La idea de un ordenador capaz de aprender como un organismo vivo todavía parecía teórica hace unos años. Sin embargo, lo que alguna vez fue una cuestión de imaginación ahora es una realidad accesible.

Se acaba de comercializar uno basado en plantas cultivadas en laboratorio. Esta progresión realmente redefine los límites entre biología y tecnología.
. En lugar de los habituales componentes electrónicos, integra estructuras creadas a partir de células madre programadas para reproducir el funcionamiento de la corteza humana. Por tanto, no se trata de fragmentos extraídos de un ser humano, sino. El dispositivo se vende, pero también puede venderse a través de una plataforma online específica.
La innovación clave reside en la integración de estas neuronas en un chip de silicio equipado con microelectrodos. Estos garantizan un diálogo bidireccional. Envían impulsos eléctricos a las neuronas y registran sus reacciones.
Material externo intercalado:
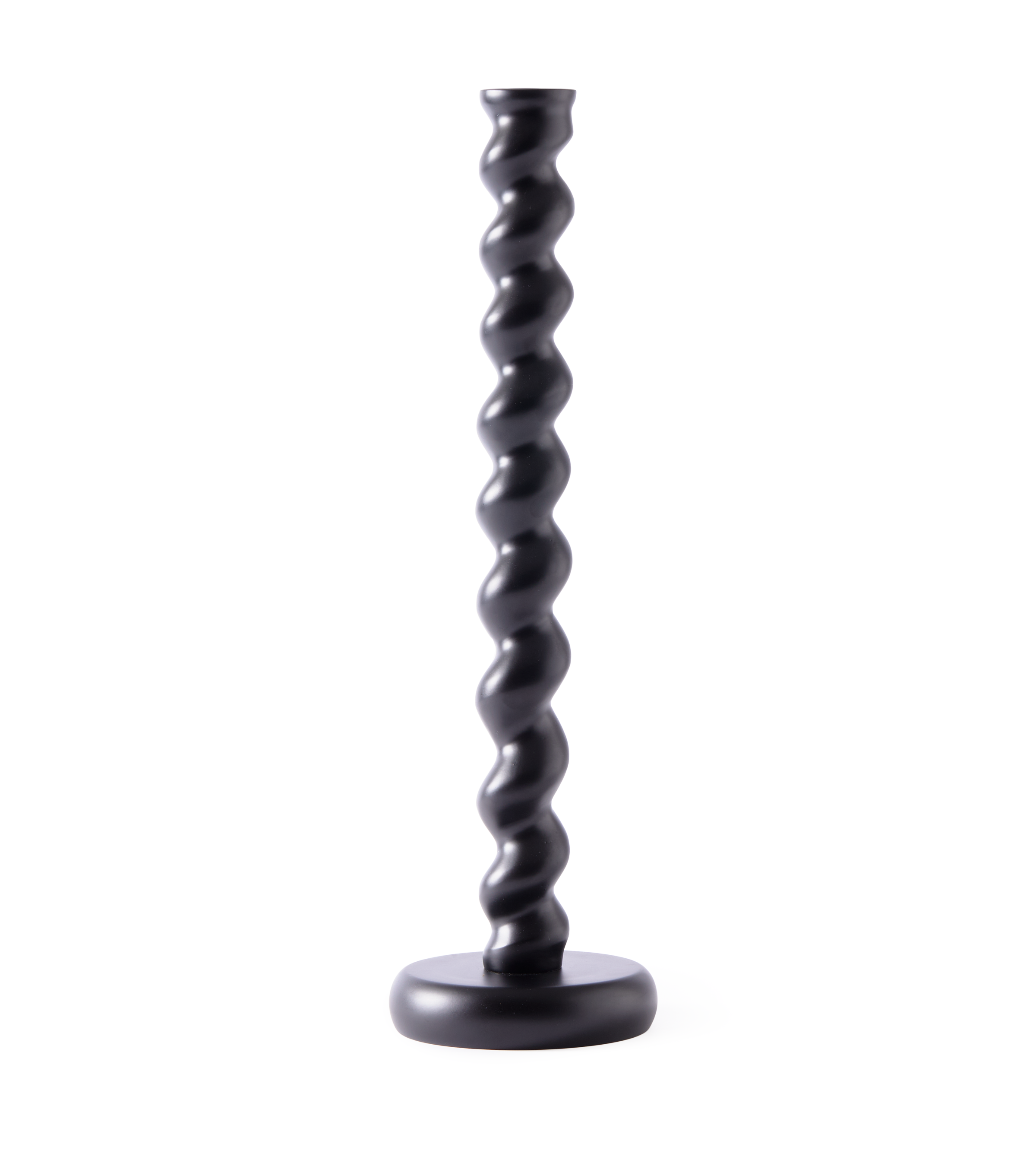 TWISTER Kerzenständer schwarz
Gracias a este puente entre lo vivo y lo digital, y a modificar su comportamiento en función de los estímulos, de forma similar a lo que ocurre durante el aprendizaje biológico.
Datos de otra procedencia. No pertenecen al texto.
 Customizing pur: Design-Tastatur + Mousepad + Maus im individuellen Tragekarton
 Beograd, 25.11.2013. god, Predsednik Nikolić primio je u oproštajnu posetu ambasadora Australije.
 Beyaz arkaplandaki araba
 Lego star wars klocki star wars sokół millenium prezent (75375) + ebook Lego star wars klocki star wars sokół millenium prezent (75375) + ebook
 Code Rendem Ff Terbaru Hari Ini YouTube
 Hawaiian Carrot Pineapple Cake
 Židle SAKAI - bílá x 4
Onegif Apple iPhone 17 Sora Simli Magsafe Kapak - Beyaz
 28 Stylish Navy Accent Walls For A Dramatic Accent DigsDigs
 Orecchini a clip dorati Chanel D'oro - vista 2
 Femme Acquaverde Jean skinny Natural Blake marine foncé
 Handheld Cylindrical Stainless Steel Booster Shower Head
Para una mejor comprensión
Cabe señalar que, a diferencia de las máquinas tradicionales basadas en lógica binaria, una neurona no está restringida a dos estados. Es capaz de adoptar una amplia gama de respuestas, lo que le otorga la capacidad de almacenar y gestionar más información que un transistor. Esta flexibilidad allana el camino para que los sistemas de TI puedan adaptarse y evolucionar. Esta es también una propiedad compartida con modelos de inteligencia artificial inspirados en el cerebro humano, pero aquí llevados a cabo en materia viva.
Leer > IBM promete una computadora cuántica de consumo, 20.000 veces más rápida
Los experimentos se multiplican
El trabajo de Cortical Labs se enmarca en una línea de investigación iniciada hace varios años. Su equipo ya había sido noticia en 2022, cuando entrenaron con éxito neuronas para jugar al Pong, demostrando su capacidad de aprender en tiempo real.
Otros laboratorios han explorado vías similares. Se han llevado a cabo experimentos de reconocimiento de voz y los investigadores chinos han conseguido incluso integrar organoides en robots. con primeros prototipos basados en biomoléculas.
Lea también > Robots y coches autónomos pronto estarán equipados con visión casi humana
Pero la comercialización de CL1 es una novedad. para convertirse en un producto real. Este desarrollo promete considerables aplicaciones, al tiempo que plantea cuestiones esenciales. ¿Podrían estos minicerebros desarrollar una forma rudimentaria de conciencia? ¿Tendremos algún día que considerar los derechos de estas entidades biológicas? ¿Y qué sucede con la propiedad intelectual cuando uno de los componentes clave está vivo y es capaz de aprender?
Son tantas las preguntas que la ciencia tendrá que responder a medida que comienza una nueva era en la que los límites entre la máquina y el organismo se vuelven más borrosos que nunca.